# TASK DETAILS
Please restate each line of the data that follows word for word, skipping any image.

# RECORDS TO USE

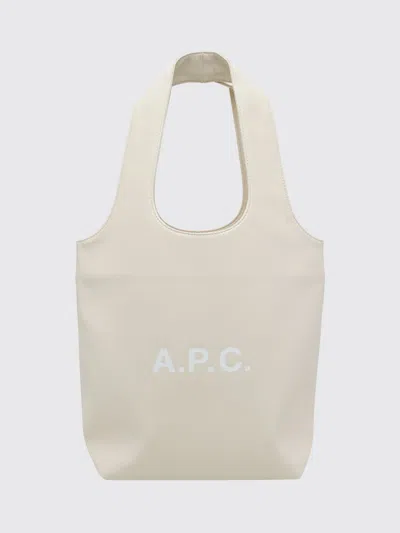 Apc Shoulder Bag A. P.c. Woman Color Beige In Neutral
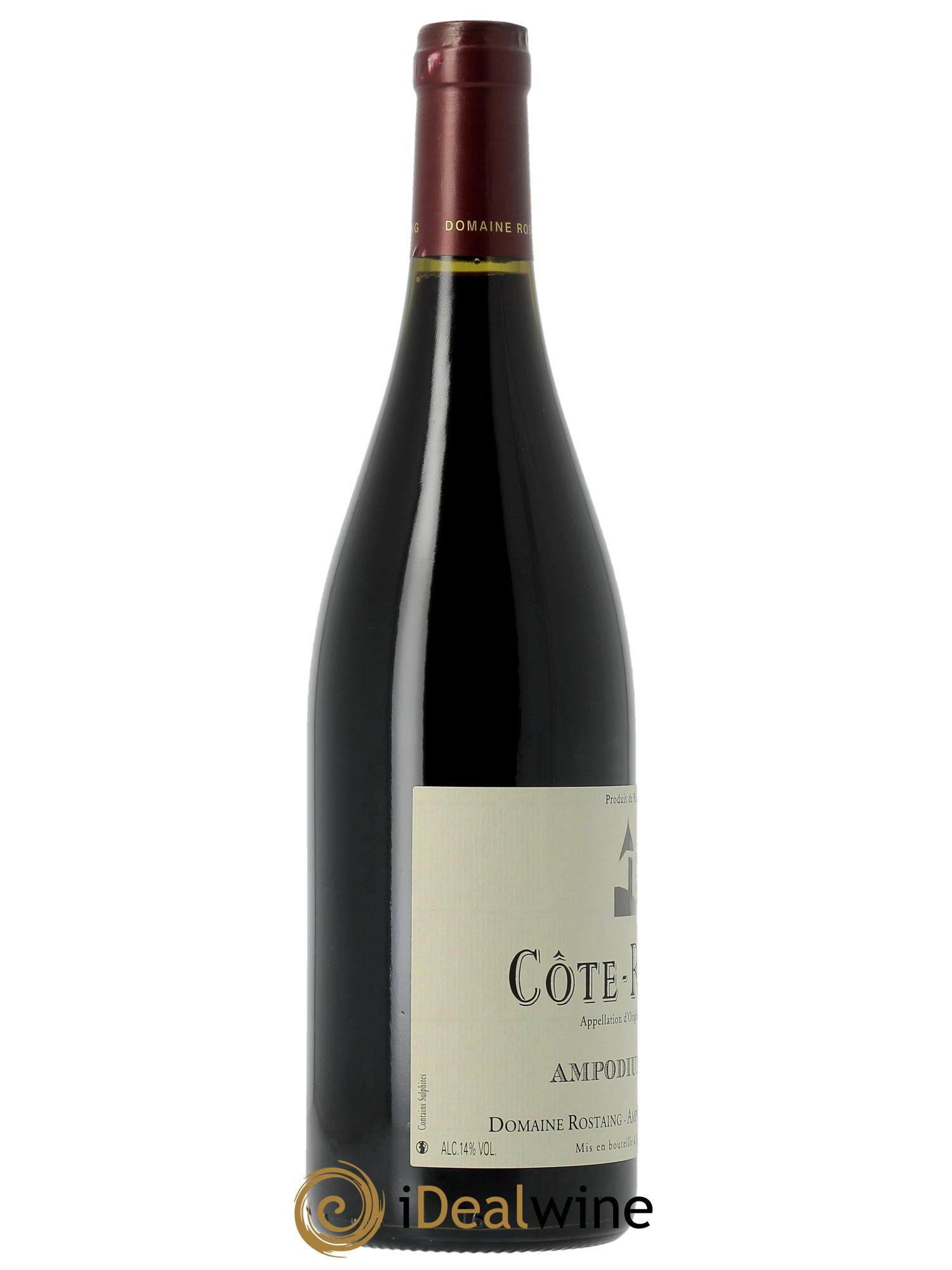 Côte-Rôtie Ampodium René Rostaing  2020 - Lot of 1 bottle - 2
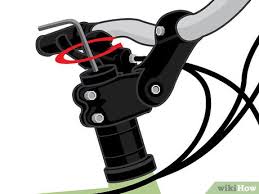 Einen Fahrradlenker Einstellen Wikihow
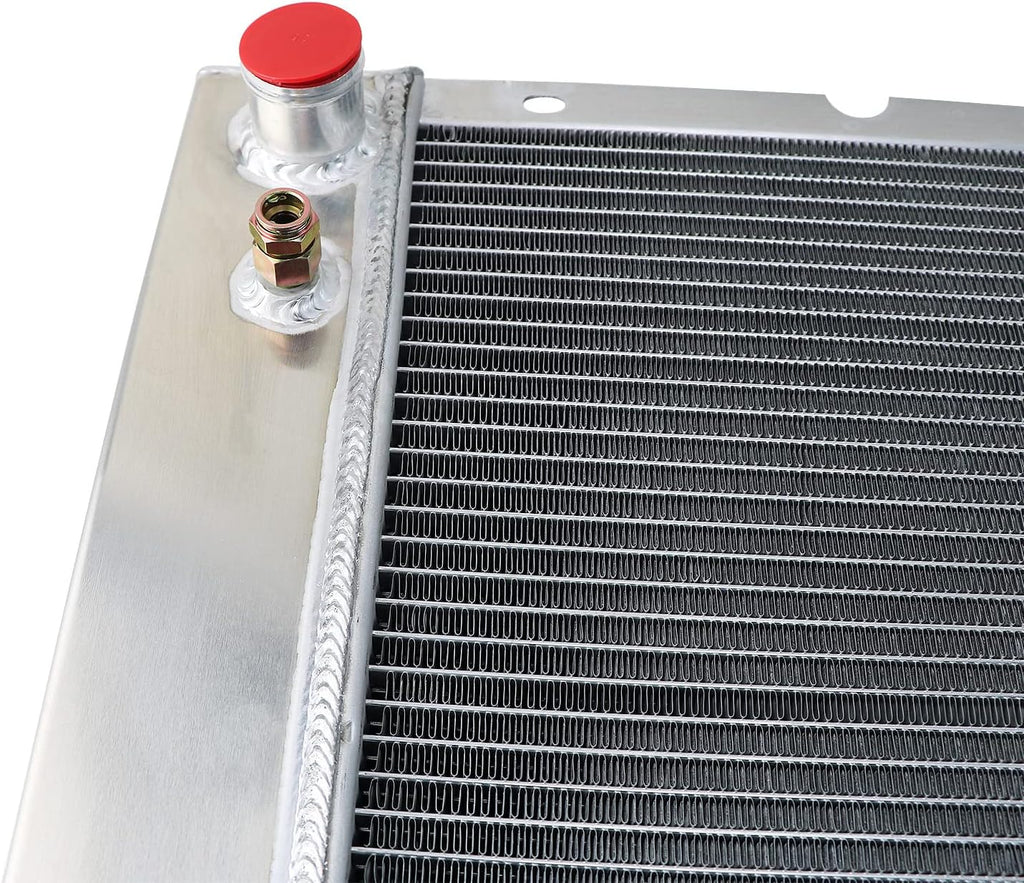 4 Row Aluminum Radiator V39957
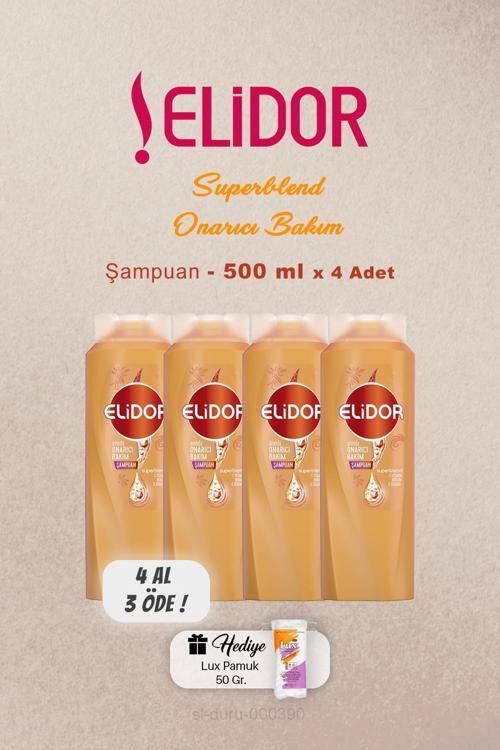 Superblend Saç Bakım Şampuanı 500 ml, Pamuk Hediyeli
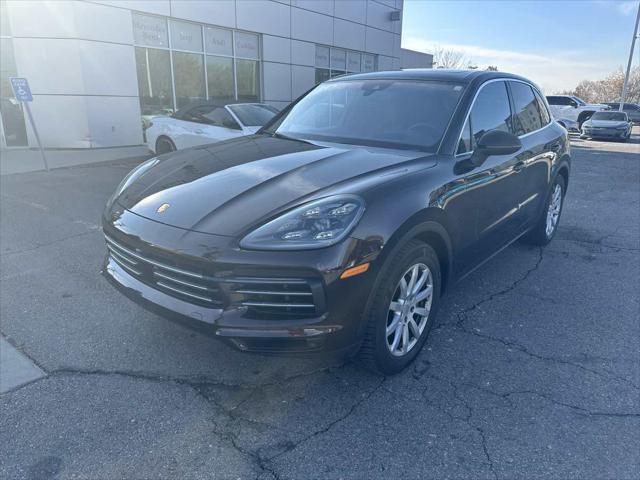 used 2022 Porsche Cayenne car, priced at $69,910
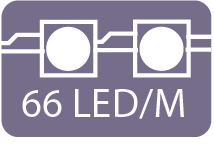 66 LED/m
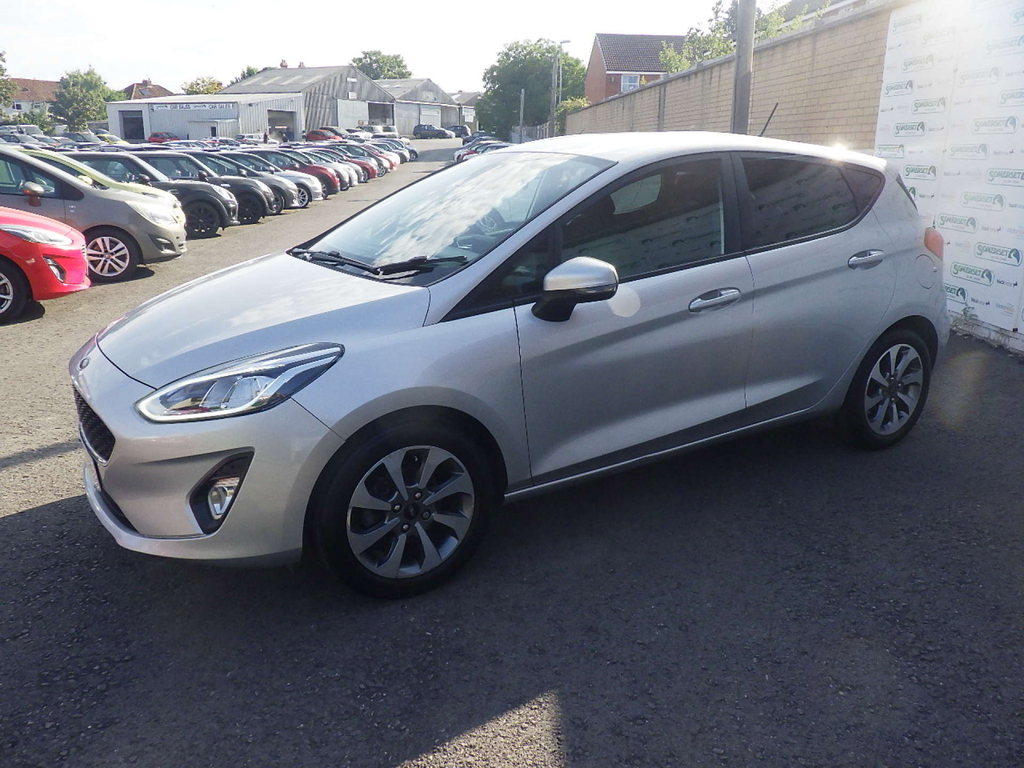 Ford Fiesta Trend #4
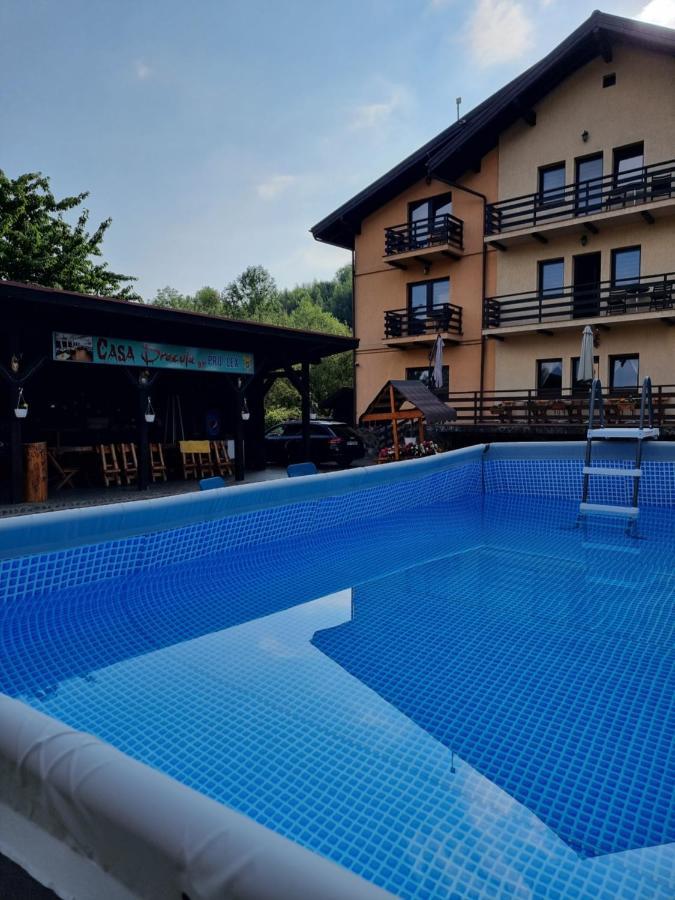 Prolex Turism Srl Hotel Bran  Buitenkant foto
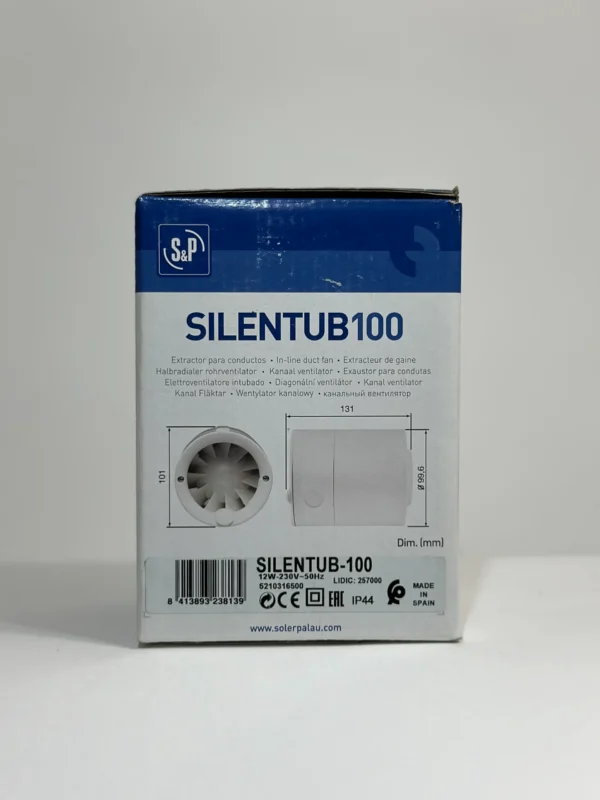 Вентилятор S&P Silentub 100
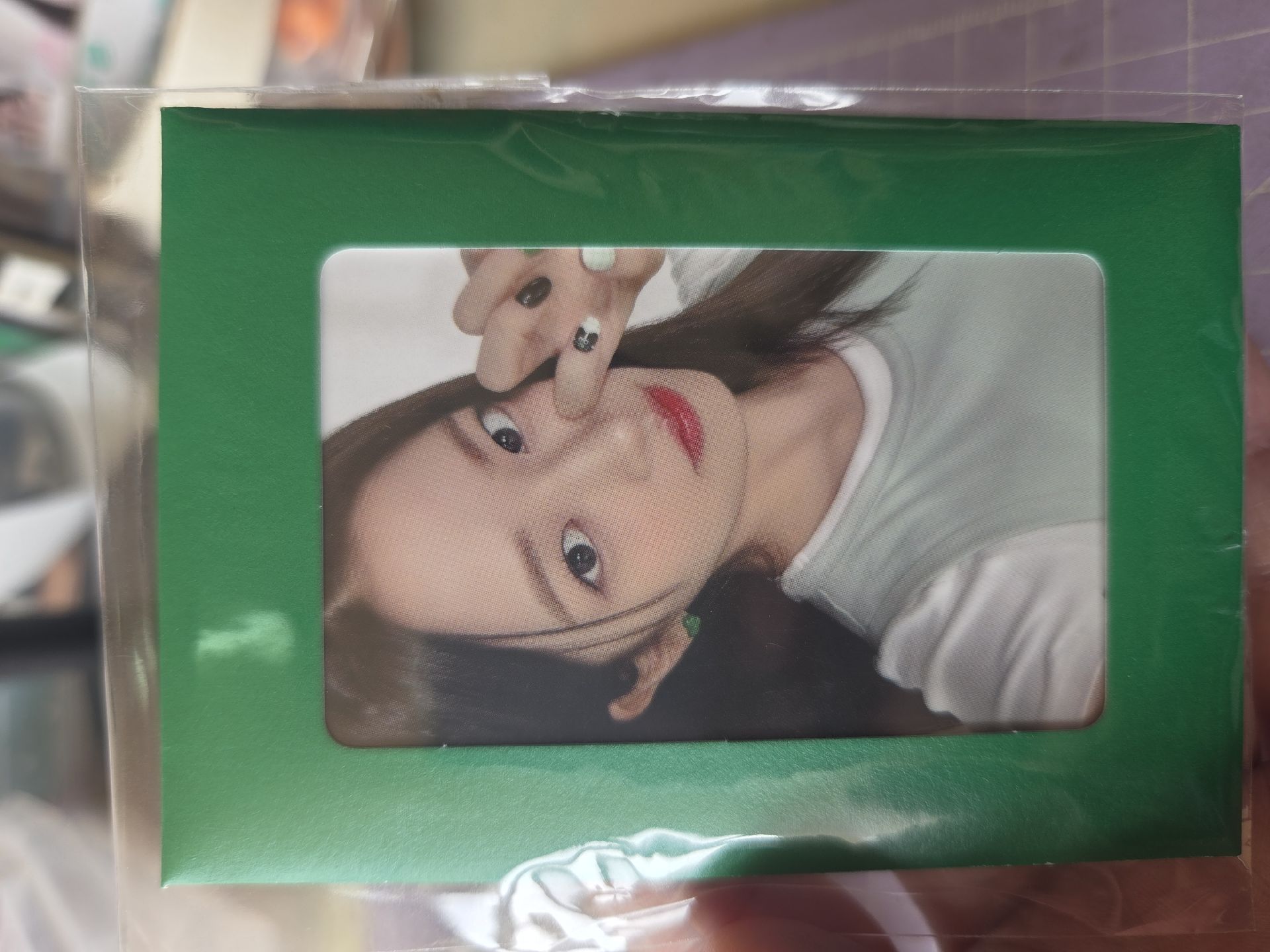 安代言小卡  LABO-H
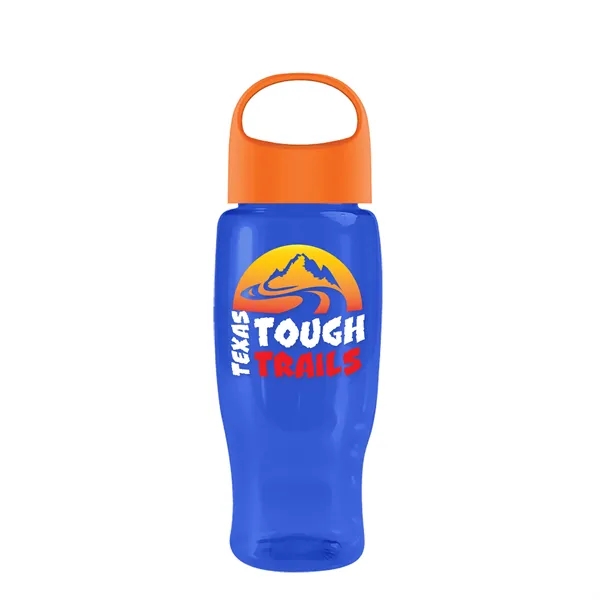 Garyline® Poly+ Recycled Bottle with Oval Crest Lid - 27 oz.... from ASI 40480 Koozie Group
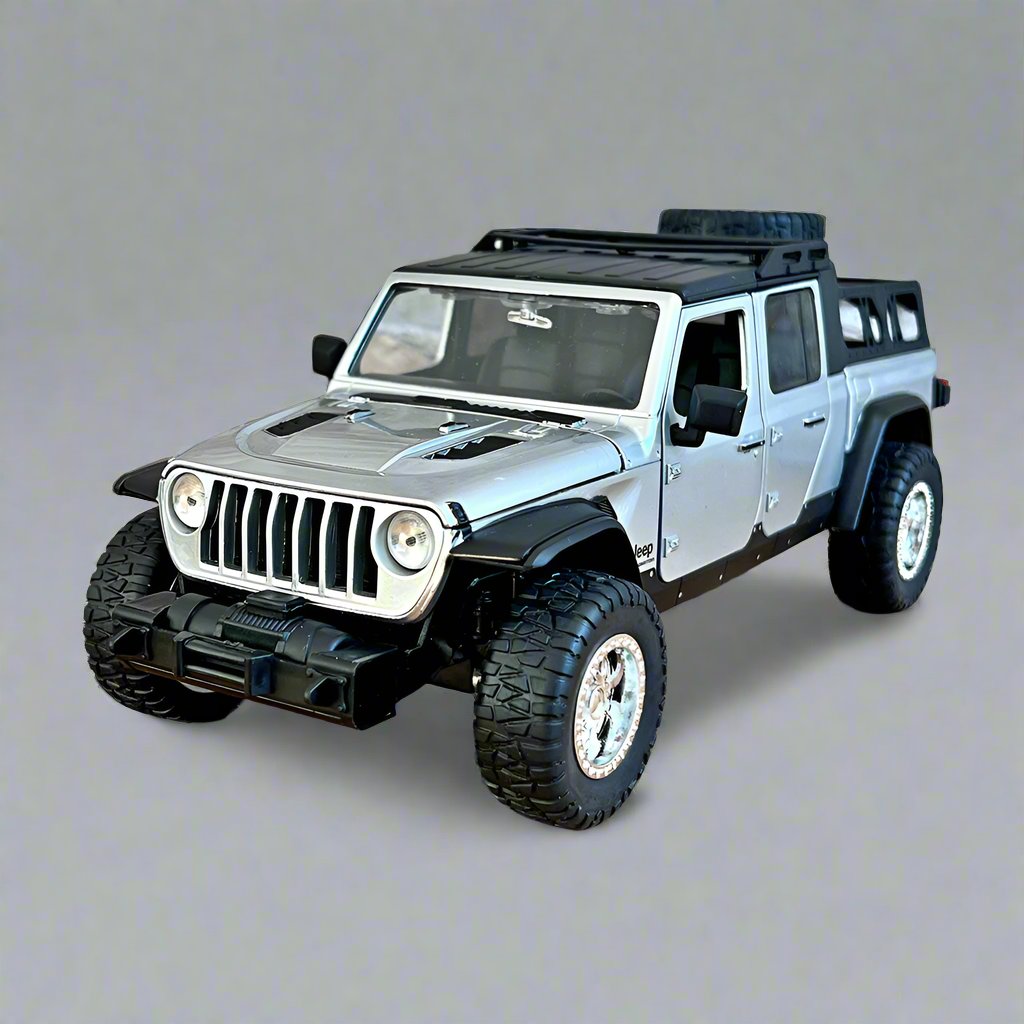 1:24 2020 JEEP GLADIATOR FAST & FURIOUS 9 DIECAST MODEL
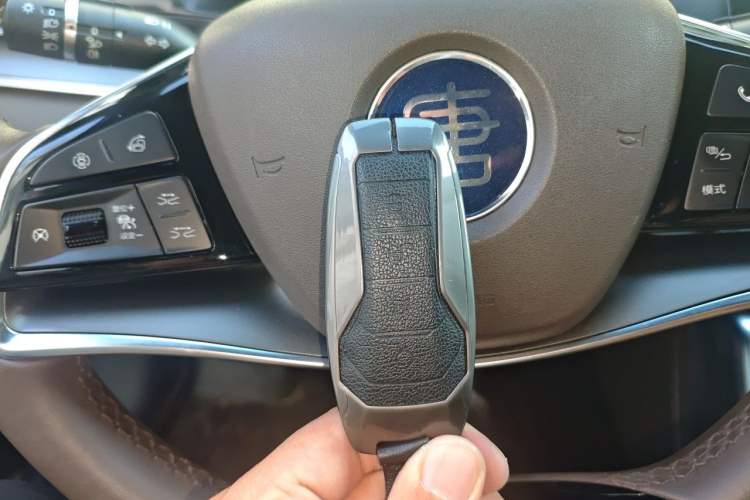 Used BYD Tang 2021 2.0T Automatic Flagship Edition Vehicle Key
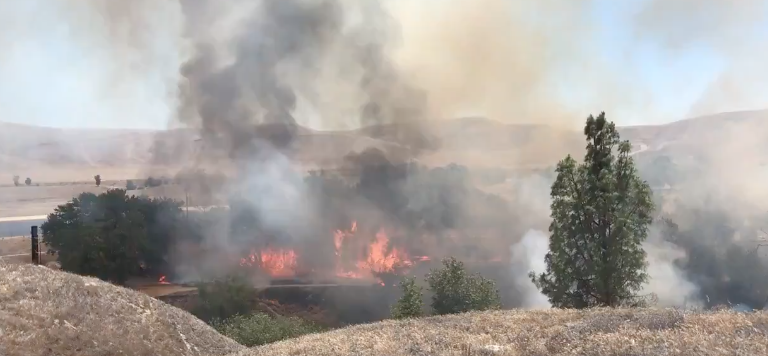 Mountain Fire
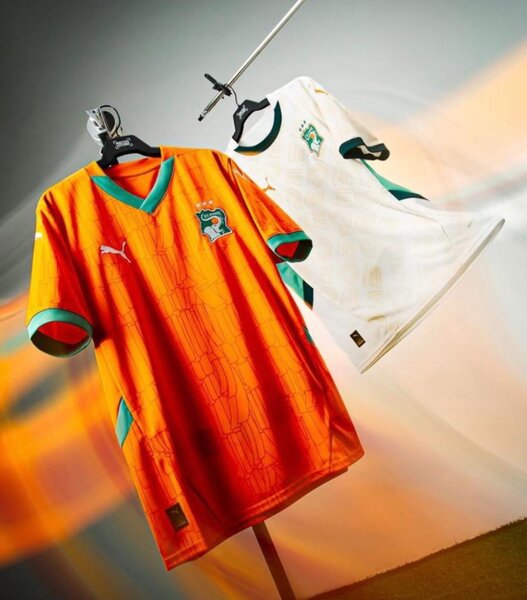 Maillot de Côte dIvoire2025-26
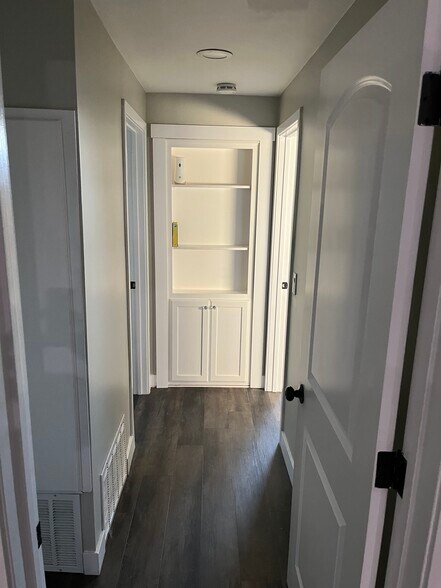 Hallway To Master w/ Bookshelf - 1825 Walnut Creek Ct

# ANSWER TO THE EXERCISE
 Apc Shoulder Bag A. P.c. Woman Color Beige In Neutral
 Côte-Rôtie Ampodium René Rostaing  2020 - Lot of 1 bottle - 2
 Einen Fahrradlenker Einstellen Wikihow
 4 Row Aluminum Radiator V39957
 Superblend Saç Bakım Şampuanı 500 ml, Pamuk Hediyeli
 used 2022 Porsche Cayenne car, priced at $69,910
 66 LED/m
 Ford Fiesta Trend #4
 Prolex Turism Srl Hotel Bran  Buitenkant foto
 Вентилятор S&P Silentub 100
 安代言小卡  LABO-H
 Garyline® Poly+ Recycled Bottle with Oval Crest Lid - 27 oz.... from ASI 40480 Koozie Group
 1:24 2020 JEEP GLADIATOR FAST & FURIOUS 9 DIECAST MODEL
 Used BYD Tang 2021 2.0T Automatic Flagship Edition Vehicle Key
 Mountain Fire
 Maillot de Côte dIvoire2025-26
 Hallway To Master w/ Bookshelf - 1825 Walnut Creek Ct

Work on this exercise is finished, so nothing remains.